The delegation, from the Mineral Resources and Reserves Evaluation Centre of the Ministry of Land and Natural Resources (MRREC) in Beijing, has requested training in the practical application and management of South Africa’s meticulous reporting of exploration results, mineral resources and mineral reserves (Samrec), as well as exposure to the crucial role of the code in facilitating access to capital on stock exchanges.
Samrec code caters for everything from small mining companies to large mining companies and there are three major divisions of Samrec, one being exploration results and the other two being mineral resources and mineral reserves.
The visit is being undertaken ahead of China joining the Committee for Mineral Reserves International Reporting Standards (Crirsco), a 13-country group that subscribes to a common standard for resource reporting, mainly for investment purposes. China is set to become the fourteenth member of Crirsco, which provides far-reaching investor safeguards through its insistence on materiality, transparency, competency and responsibility.
MRREC hopes to learn from South Africa’s 25 years of code experience and, in particular, to understand the crucial role of the code in accessing capital markets.

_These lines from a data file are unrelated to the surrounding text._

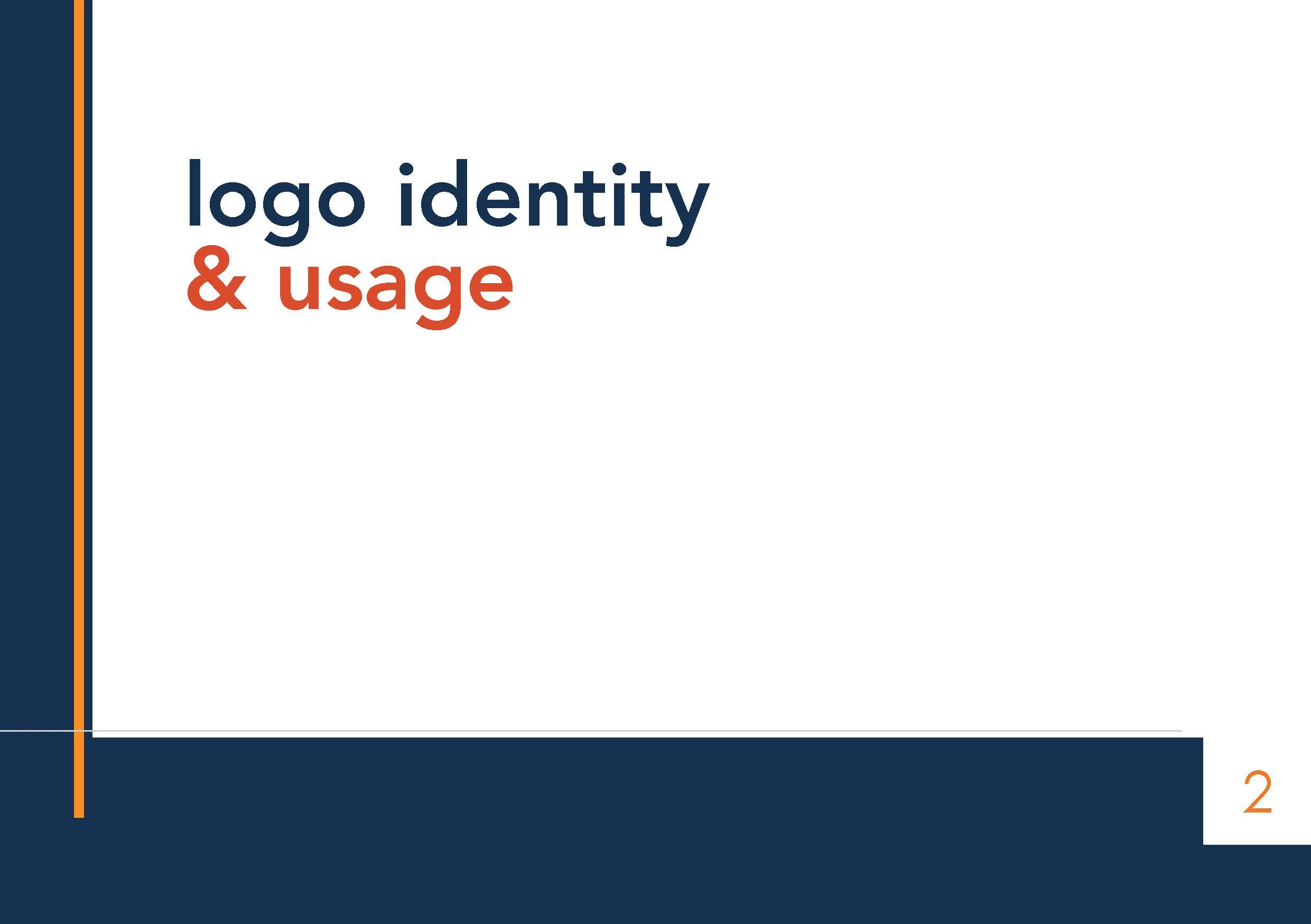 Brickell_Rebranding Presentation_10.25.18_Page_02.jpg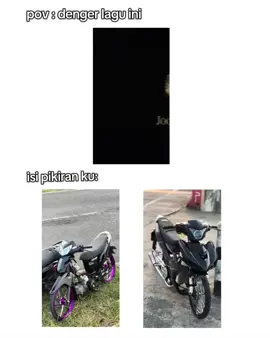 versi kph x mxking🚀 #kphjogjastyle #mxking150 #kphgank 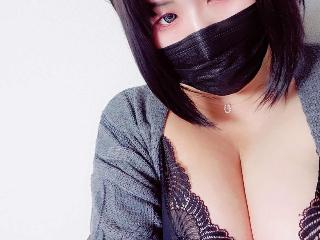 Profile picture of さわ乃＠ on FANZAアダルト DMMあちゃ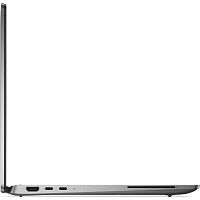 7450-7650 Ноутбук Dell Latitude 7450 Core Ultra 7 155U 16Gb SSD512Gb Intel Arc 14" WVA FHD (1920x1080) Windows 11 Pro grey WiFi BT Cam (7450-7650)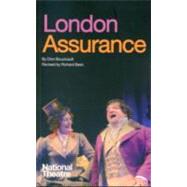 London Assurance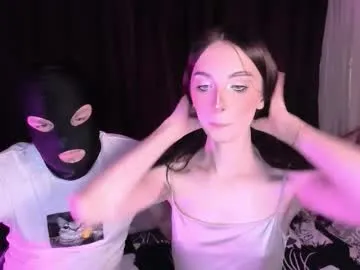 Alikams – webcam model profile photo Image 9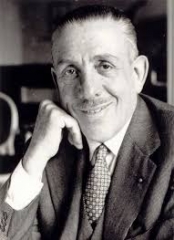 musique,francis poulenc,musique française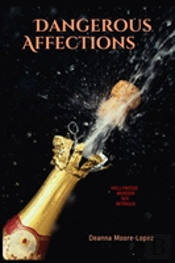 Dangerous Affections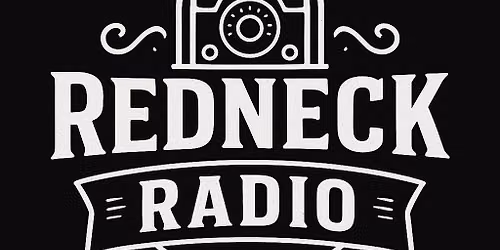 Redneck Radio brings a little Country to the Long Island Yacht club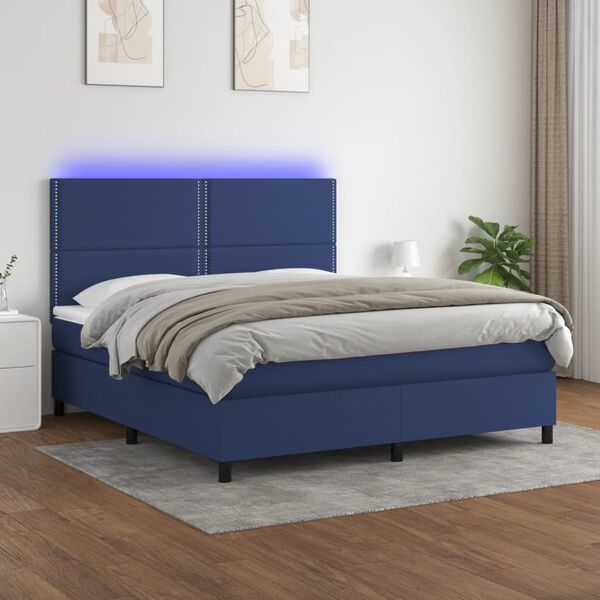 Viser produktbillede 2 af 16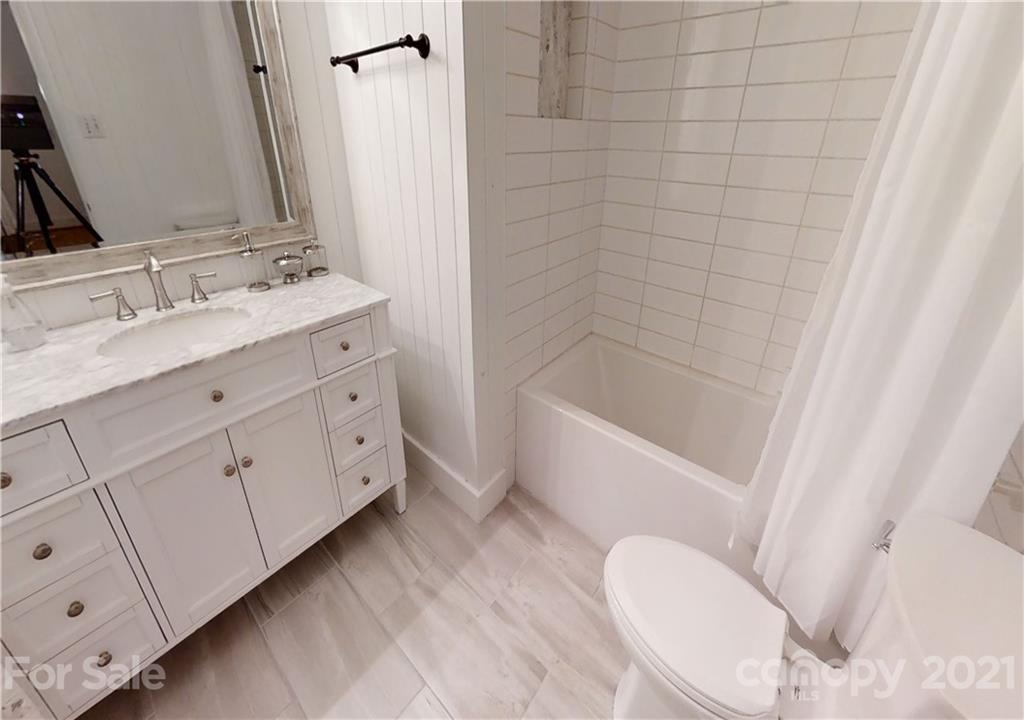 286 Sugar Hollow Road Fairview, NC 28730 - Photo 20 of 35 Gallery Image 20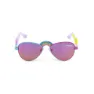 Bling2o Ibiza Beach Rising Solglasögon, Rainbow, One Size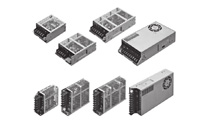 Omron OS32C Datatraceautomation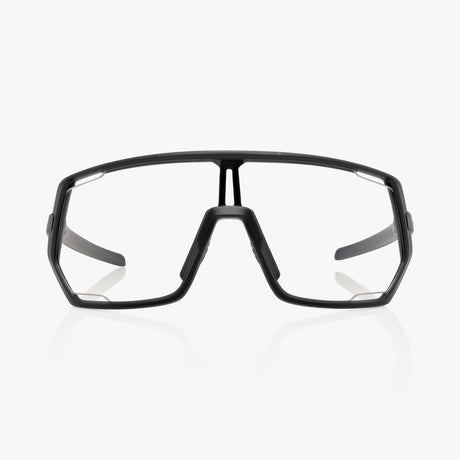 TECHNIUM 2, BRONZE GOLD FRAME WITH RIDESCAPE ALL ROAD LENS AND CLEAR SPARE
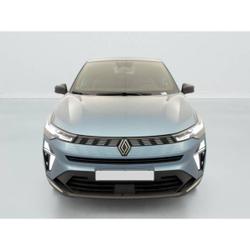 Renault Symbioz E-Tech full hybrid 160 ch Techno Laval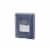 Madison Park Egyptian Cotton Blanket Full/Queen Perspective: bottom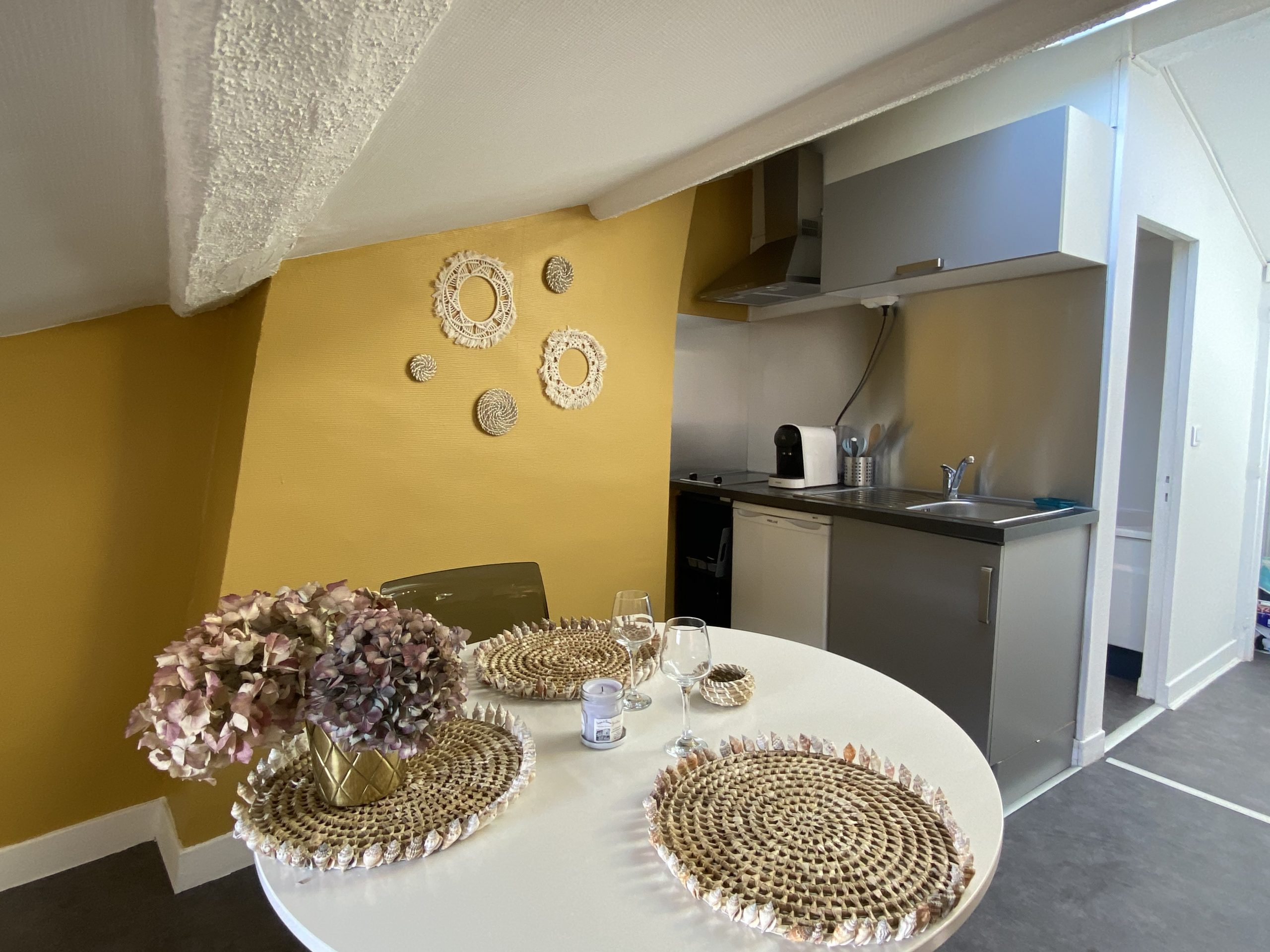 photo_67ac323f1bb7ea4a2d26c6bf42235cbd-2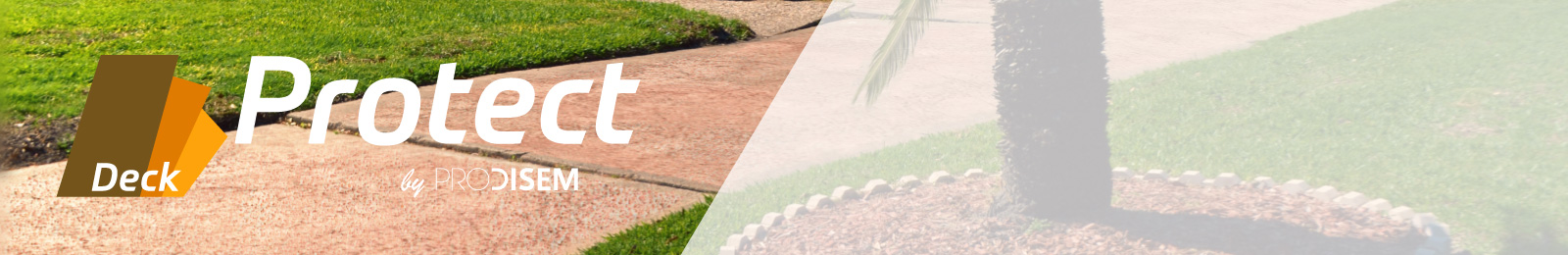 marca Deck Quartz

The training includes commodity specific reporting, the geology of the Bushveld Complex and the Witwatersrand, public reporting by the award-winning African Rainbow Minerals, competent person reporting by Impala Platinum, a tour of the Impala Platinum mine in Rustenburg, public reporting of mine planning and operations, the role of consulting companies in competent person reporting, a lecture on private and public investments by Cadiz Corporate Solutions mining head Peter Major and the role of modelling and mine planning software in resource and reserve estimation.
On South Africa’s locally developed borehole logging system, Mullins commented: “It’s streets ahead of anything else I’ve seen. It has checks and balances built into it right at the beginning, when you input the data. You’re assured of clean data upfront.”
This is data on geological formations as well as qualities and assays, which is the foundation on which everything else is built.
“The integrity of the data is so important for the whole downstream process, from the resource modelling to mine planning, into the financial model, and so often we get that first step wrong. This system performs better than any other system I’ve seen,” Mullins added to Mining Weekly Online.
The Johannesburg Securities Exchange (JSE) will be hosting the delegation for a day on the workings of the JSE, how South Africa’s Samcodes have been incorporated in their listings’ rules and how effective governance of the codes is assured through the JSE reader’s panel.
Following the delegation’s visit, Mullins will relocate to London to head up Arcelor Mittal’s global business excellence and capital allocation unit. This appointment comes against the background of the role he played in assisting with the development of a capital investment system for BHP after its merger with Billiton, and his leadership in designing and implementing productivity improvement at BHP.
As part of the agreement with Arcelor Mittal, his local company, Tecoma Strategies, which delivers consultancy services to the mining industry in orebody optimisation, resource evaluation and project development, will remain open and he will return to run it in two to three years’ time.